Sunday, October 4, 2009

caffeine!

I don't understand caffeine. It was a cool night and the hot chocolate seemed like a good idea at the time. Maybe I shouldn't have mixed it with coffee instead of water...?

So here it is after 1am and my alarm is set to go off at 5:30. I have tried to sleep but no luck. I've edited pictures for my etsy account (http://www.urbanartifaks.etsy.com/). I've read blogs and threads. I've paid my bills online. Now here I am at my last resort, writing my blog entry.

Still my eyes are wide open.



Again, I don't understand caffeine. The other day I was driving from PA to Cleveland and I had coffee, I had Coke, I had sugar and I was STILL falling asleep on the road.

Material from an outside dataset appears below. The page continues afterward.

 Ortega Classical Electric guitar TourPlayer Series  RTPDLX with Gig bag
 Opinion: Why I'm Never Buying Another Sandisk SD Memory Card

In 6 hours I will be setting up to photograph 750 children for picture day at a school the online reviews said "I wouldn't send a DOG to this school let alone a child..."

I'm really looking forward to work.

Tuesday, September 22, 2009

trains gone by / originally posted Feb 19, 2009


I live close to the airport now...not so close that it annoys, but close enough that i can hear the roar of the jet engines preparing for take off. No matter how many times i hear it, I always feel a longing to be onboard. Destination is immaterial, I just want to be entering that 21st century magical carpet that will take you anywhere you want to go...to walk that narrow path between the seats looking for my own place by the window where i wait to be whisked above the clouds.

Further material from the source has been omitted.